Confermata, dalla Corte di cassazione, la decisione con cui, nel merito, era stato dichiarato illegittimo, per sproporzione, il licenziamento disciplinare intimato a un lavoratore.
La Corte territoriale, non avendo ritenuto dimostrato l'addebito di insubordinazione e minaccia imputato al dipendente, aveva invece giudicato provata la condotta contestatagli di aver rivolto delle ingiurie al coordinatore, ingiurie ritenute esistenti, ma non di gravità tale da legittimare il recesso.
Pur riconoscendo che gli epiteti offensivi rivolti al coordinatore fossero in contrasto con i generali canoni di civile convivenza, nonché, specificamente, con i basilari obblighi nascenti dal rapporto di lavoro, seppur non rilevanti sotto il profilo penalistico afferente le ipotesi di ingiuria, la Corte di gravame aveva comunque giudicato che la sanzione espulsiva comminata dal datore fosse sproporzionata rispetto al comportamento addebitato.

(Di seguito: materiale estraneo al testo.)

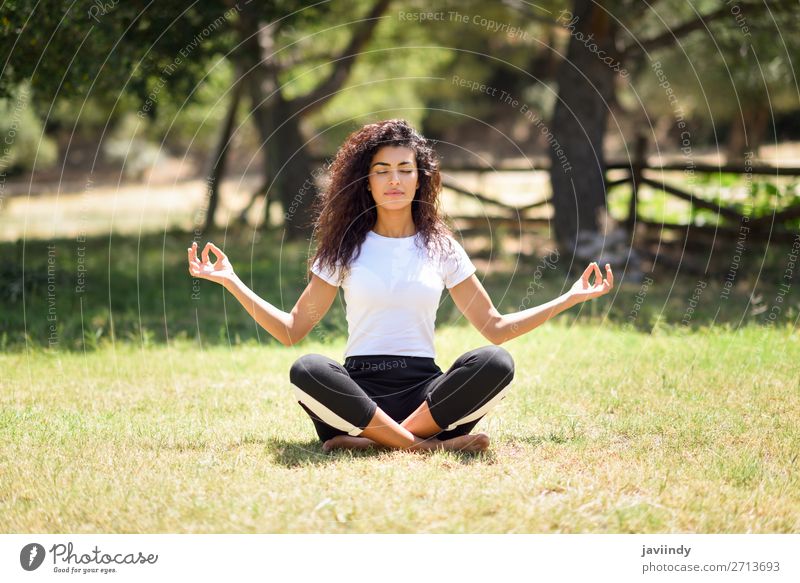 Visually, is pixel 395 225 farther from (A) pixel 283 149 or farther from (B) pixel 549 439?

Contestualmente, aveva valutato che fosse adeguato applicare la tutela indennitaria in favore del dipendente, ma non quella reintegratoria.

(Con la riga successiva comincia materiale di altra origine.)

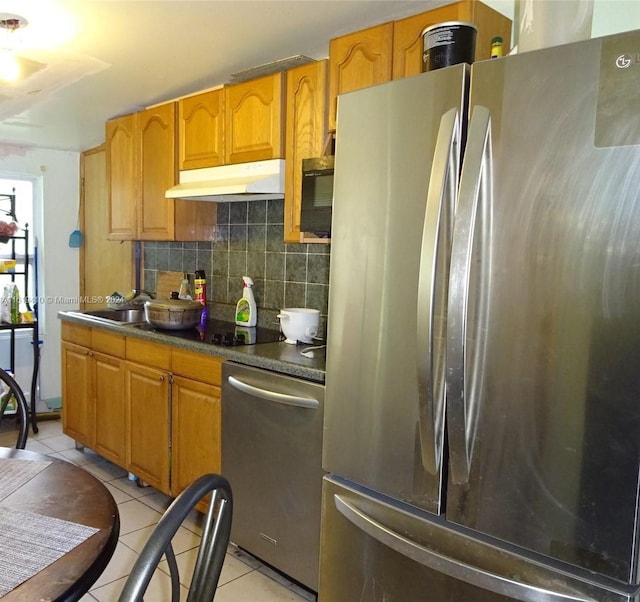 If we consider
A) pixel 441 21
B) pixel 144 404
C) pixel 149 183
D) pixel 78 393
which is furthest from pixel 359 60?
pixel 78 393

Il prestatore, ciò posto, si era rivolto alla Suprema corte censurando la statuizione di merito.
La Cassazione, con ordinanza n. 38877 del 7 dicembre 2021, ha considerato infondate le sue censure, dopo aver rilevato che i motivi sollevati dal ricorrente erano relativi, sotto differente profilo, alle disposizioni del contratto collettivo aziendale, rispetto al quale il sindacato di legittimità poteva essere esercitato soltanto con riguardo a vizi di motivazione del provvedimento impugnato.
Nel caso in esame, non sussistevano le condizioni per il detto sindacato in quanto i motivi sollevati, in realtà, proponevano solamente una diversa interpretazione rispetto a quella fornita dal giudice d'appello.

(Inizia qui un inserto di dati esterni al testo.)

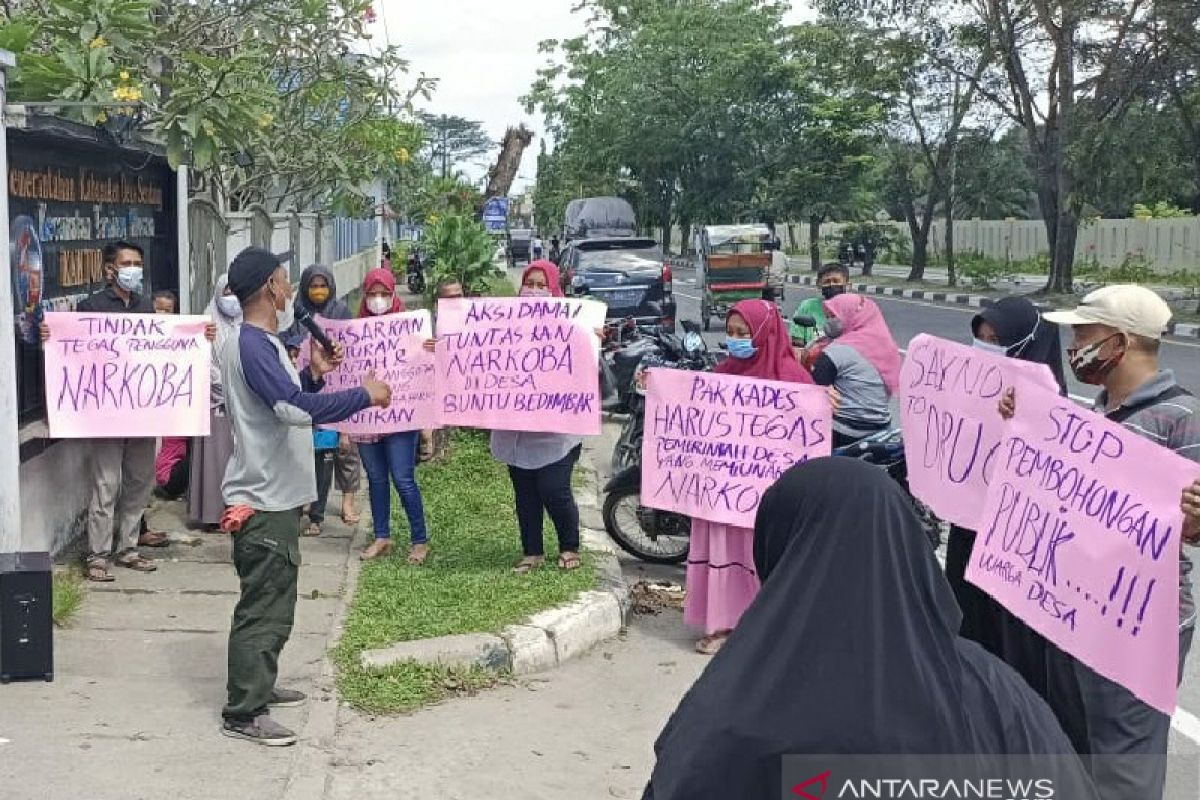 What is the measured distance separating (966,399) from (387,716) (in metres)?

Era altresì inconferente, in tale contesto, il richiamo operato dal dipendente alla "influenza della depenalizzazione sulla disciplina contrattuale", in quanto il testo contenuto nel contratto aziendale non richiamava il "reato" di ingiuria ma l'ingiuria quale contenuto di offese.
La Corte di legittimità, sul punto, ha richiamato il principio di autonomia tra giudizio penale e disciplinare, sottolineando che "la gravità della condotta ascritta al dipendente licenziato per giusta causa può avere un sufficiente rilievo disciplinare ed essere idonea a giustificare il licenziamento".
Ciò che rileva, quindi è "l'idoneità della condotta a ledere la fiducia del datore di lavoro, al di là della sua configurabilità come reato, e la prognosi circa il pregiudizio che agli scopi aziendali deriverebbe dalla continuazione del rapporto".
La valutazione operata dal giudice di appello, infatti, è correttamente diretta al rapporto di pregiudizialità tra comportamento tenuto dal lavoratore e permanenza del vincolo fiduciario.